_Instructions to follow_
Below is a listing. Write out exactly its lines between the one holding "image for item" and the one holding "630 6th Terrace, Palm", inclusive.

_The data_

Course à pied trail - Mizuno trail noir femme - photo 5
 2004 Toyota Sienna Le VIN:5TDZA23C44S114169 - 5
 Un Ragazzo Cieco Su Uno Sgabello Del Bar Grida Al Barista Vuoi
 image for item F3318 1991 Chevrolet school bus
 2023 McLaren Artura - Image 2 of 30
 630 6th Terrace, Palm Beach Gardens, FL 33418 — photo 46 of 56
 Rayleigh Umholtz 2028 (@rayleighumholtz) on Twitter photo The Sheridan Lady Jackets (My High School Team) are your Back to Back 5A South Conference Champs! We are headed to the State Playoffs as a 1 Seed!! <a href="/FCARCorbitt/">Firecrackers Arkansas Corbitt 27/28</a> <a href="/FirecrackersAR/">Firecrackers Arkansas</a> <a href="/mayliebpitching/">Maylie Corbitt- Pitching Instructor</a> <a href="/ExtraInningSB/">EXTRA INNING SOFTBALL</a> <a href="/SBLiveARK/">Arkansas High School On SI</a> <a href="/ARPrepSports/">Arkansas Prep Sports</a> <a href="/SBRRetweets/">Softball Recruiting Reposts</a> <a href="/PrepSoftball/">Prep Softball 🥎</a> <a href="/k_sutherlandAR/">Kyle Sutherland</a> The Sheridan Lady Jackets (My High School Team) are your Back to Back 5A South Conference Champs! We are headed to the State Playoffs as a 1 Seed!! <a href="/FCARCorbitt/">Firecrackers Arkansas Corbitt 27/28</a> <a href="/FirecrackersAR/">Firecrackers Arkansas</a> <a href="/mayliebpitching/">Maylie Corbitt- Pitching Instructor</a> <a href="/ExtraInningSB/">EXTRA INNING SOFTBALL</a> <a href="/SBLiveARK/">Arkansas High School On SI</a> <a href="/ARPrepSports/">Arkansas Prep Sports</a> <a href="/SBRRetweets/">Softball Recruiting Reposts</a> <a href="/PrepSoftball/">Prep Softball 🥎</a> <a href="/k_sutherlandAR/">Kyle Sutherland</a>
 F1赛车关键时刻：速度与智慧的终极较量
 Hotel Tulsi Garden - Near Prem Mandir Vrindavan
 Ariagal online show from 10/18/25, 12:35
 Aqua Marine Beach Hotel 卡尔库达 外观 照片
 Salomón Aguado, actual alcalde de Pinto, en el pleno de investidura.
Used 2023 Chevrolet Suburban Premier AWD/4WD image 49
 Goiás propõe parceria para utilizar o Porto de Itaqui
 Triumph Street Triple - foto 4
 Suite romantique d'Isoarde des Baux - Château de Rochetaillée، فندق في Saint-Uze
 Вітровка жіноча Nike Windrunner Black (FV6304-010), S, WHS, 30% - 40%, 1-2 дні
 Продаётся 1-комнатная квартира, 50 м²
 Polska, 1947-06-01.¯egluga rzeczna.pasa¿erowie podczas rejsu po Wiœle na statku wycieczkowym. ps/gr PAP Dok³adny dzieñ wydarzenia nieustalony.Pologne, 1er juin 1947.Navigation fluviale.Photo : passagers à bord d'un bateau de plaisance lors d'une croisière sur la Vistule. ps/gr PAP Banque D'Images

_Written answer_
 image for item F3318 1991 Chevrolet school bus
 2023 McLaren Artura - Image 2 of 30
 630 6th Terrace, Palm Beach Gardens, FL 33418 — photo 46 of 56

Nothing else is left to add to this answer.